_EXERCISE GOAL_
Using the entries below, restate word for word only the lines from the one with "Yasmin – Vestido Midi com Fenda Lateral" to the final line, leaving the pictures out.

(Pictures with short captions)
□ □ □ □ □ □ □

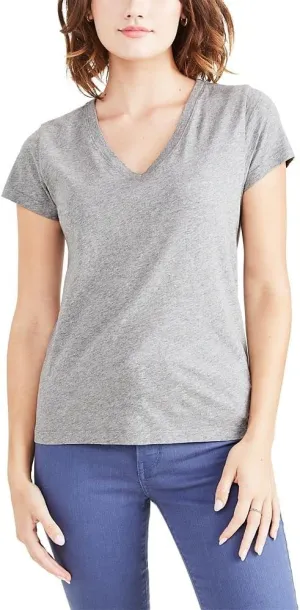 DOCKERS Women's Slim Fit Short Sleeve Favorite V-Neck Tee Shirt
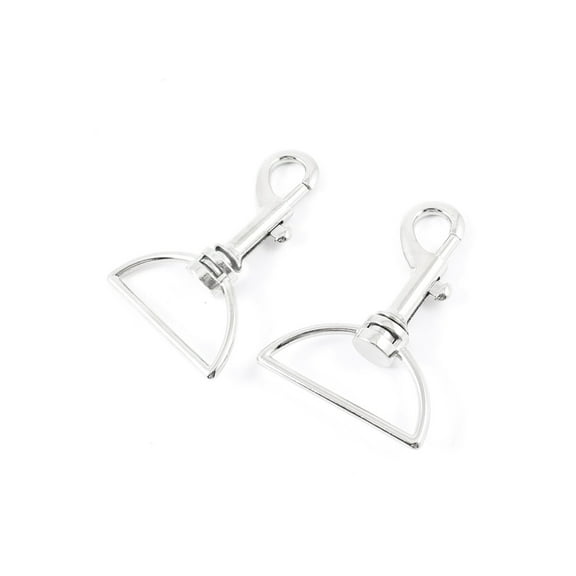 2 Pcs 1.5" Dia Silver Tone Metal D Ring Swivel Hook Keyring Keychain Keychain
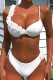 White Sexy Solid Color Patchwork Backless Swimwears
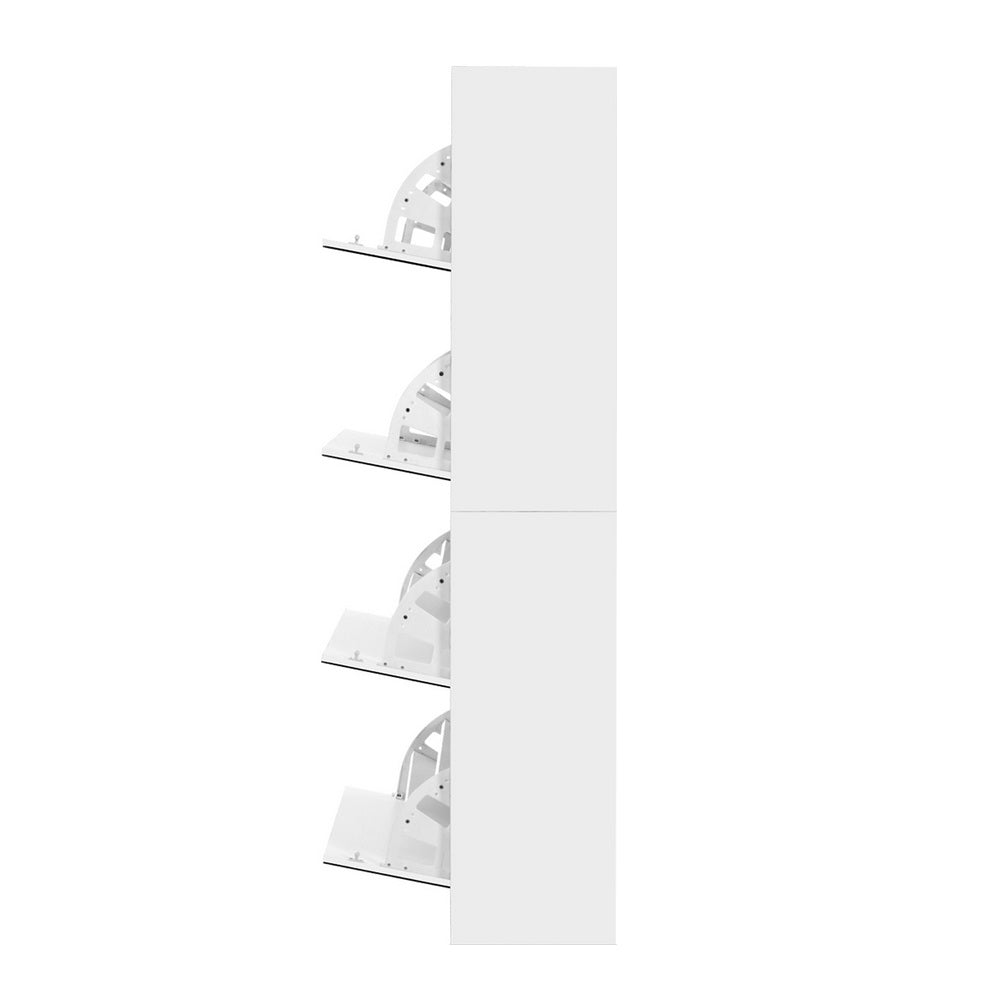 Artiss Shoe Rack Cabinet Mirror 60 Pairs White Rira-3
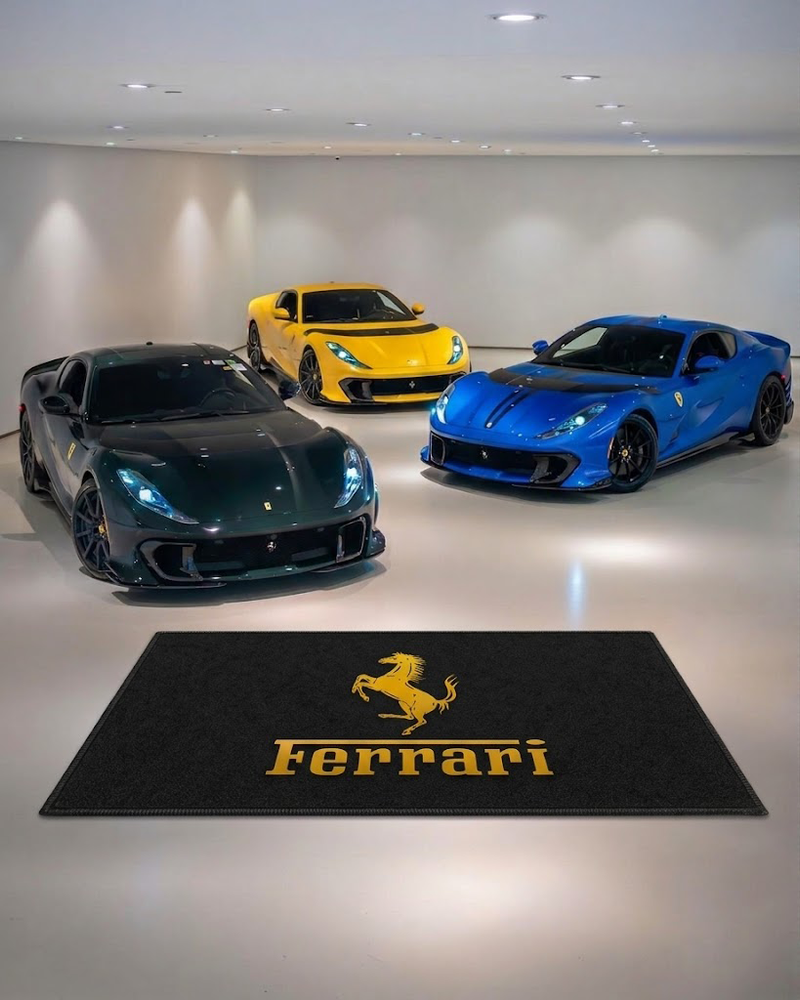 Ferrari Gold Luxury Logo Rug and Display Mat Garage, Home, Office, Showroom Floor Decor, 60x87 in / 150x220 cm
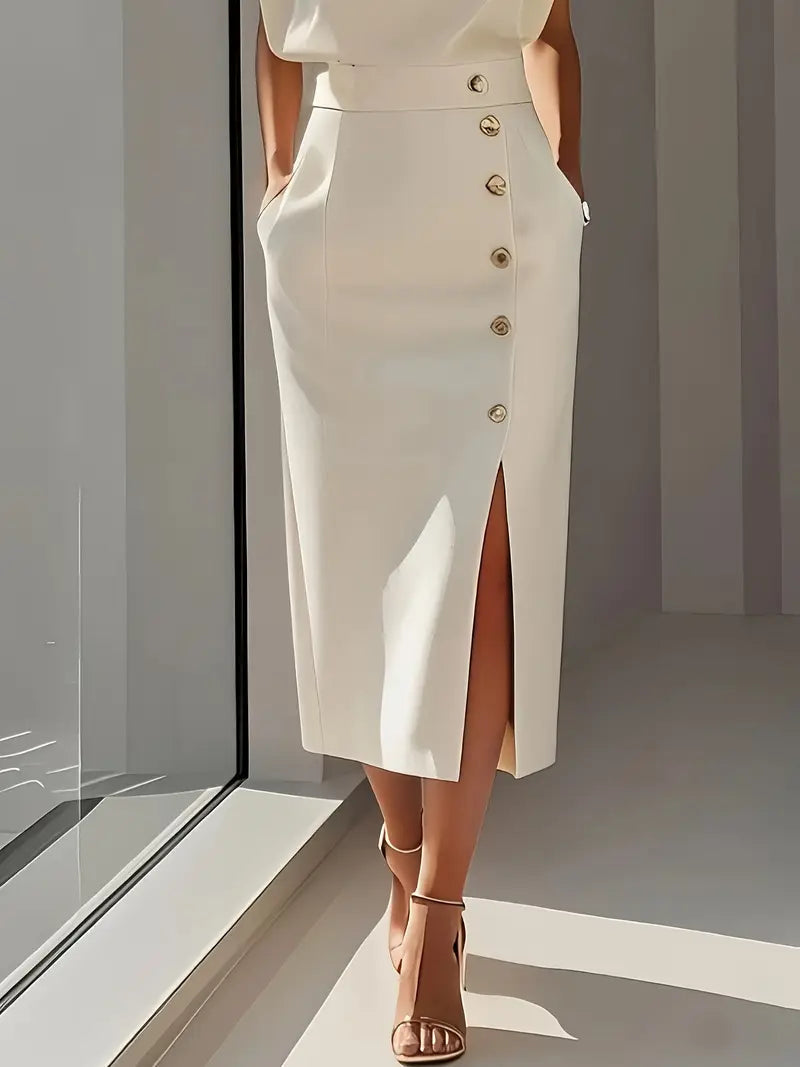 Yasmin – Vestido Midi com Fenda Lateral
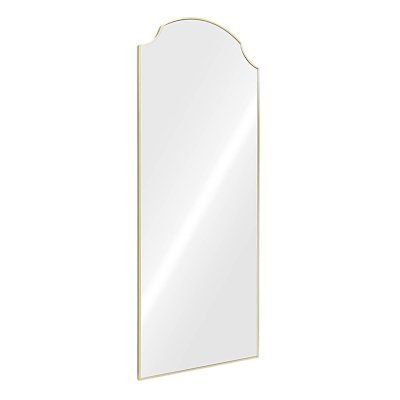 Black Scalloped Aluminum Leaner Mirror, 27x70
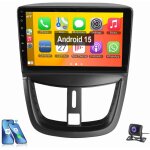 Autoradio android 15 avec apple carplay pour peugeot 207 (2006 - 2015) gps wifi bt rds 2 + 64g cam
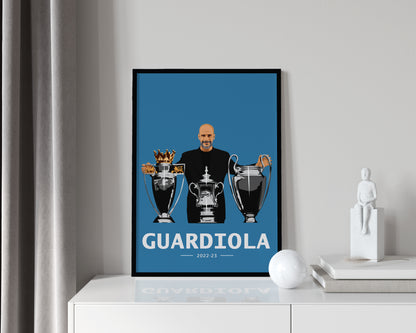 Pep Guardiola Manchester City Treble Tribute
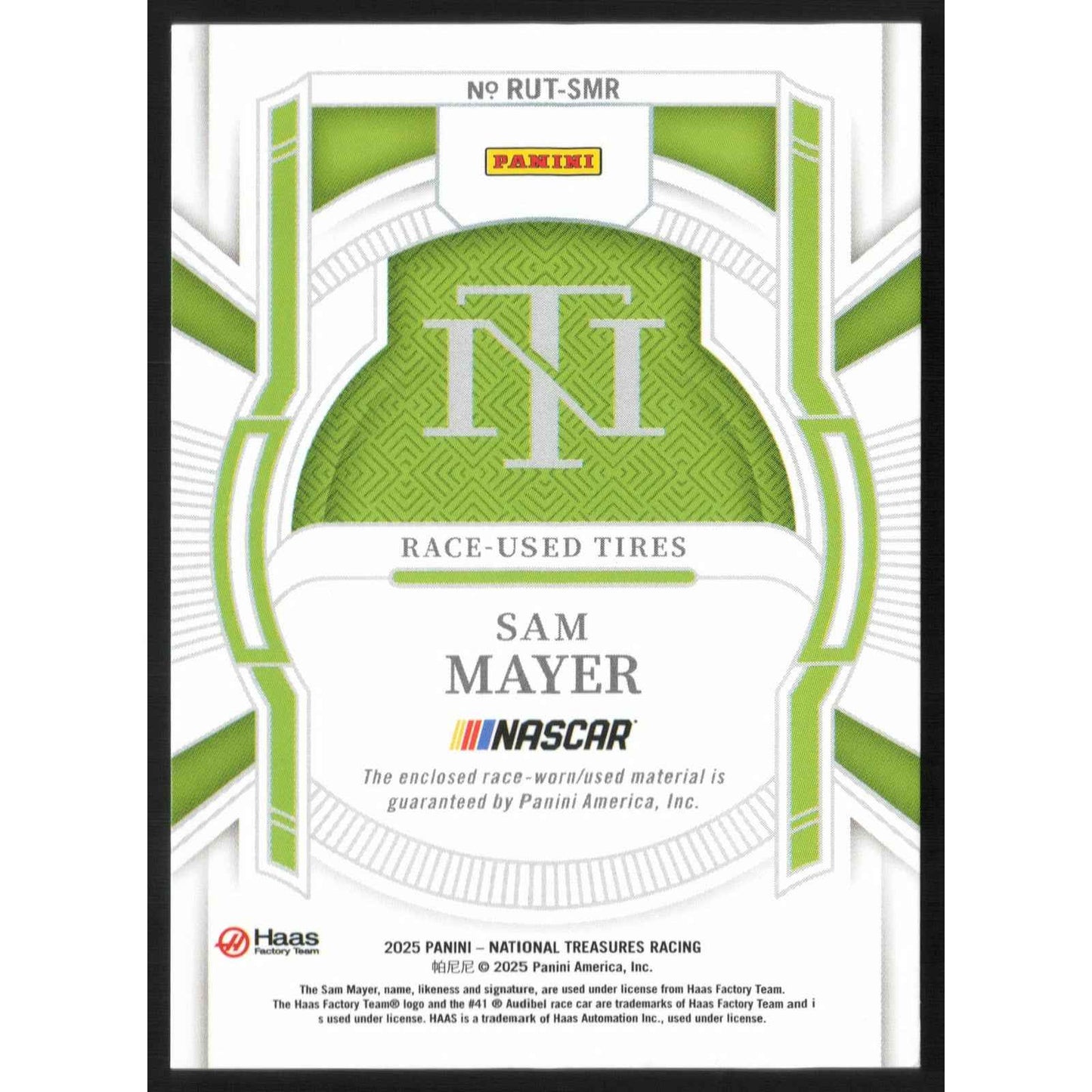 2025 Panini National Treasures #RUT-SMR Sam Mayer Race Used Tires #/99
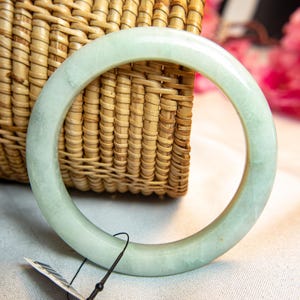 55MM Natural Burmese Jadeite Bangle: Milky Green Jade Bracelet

□ □ □ □ □ □ □

_THE COMPLETED TASK_
 Yasmin – Vestido Midi com Fenda Lateral
 Black Scalloped Aluminum Leaner Mirror, 27x70
 Autoradio android 15 avec apple carplay pour peugeot 207 (2006 - 2015) gps wifi bt rds 2 + 64g cam
 Pep Guardiola Manchester City Treble Tribute
 2025 Panini National Treasures #RUT-SMR Sam Mayer Race Used Tires #/99
 55MM Natural Burmese Jadeite Bangle: Milky Green Jade Bracelet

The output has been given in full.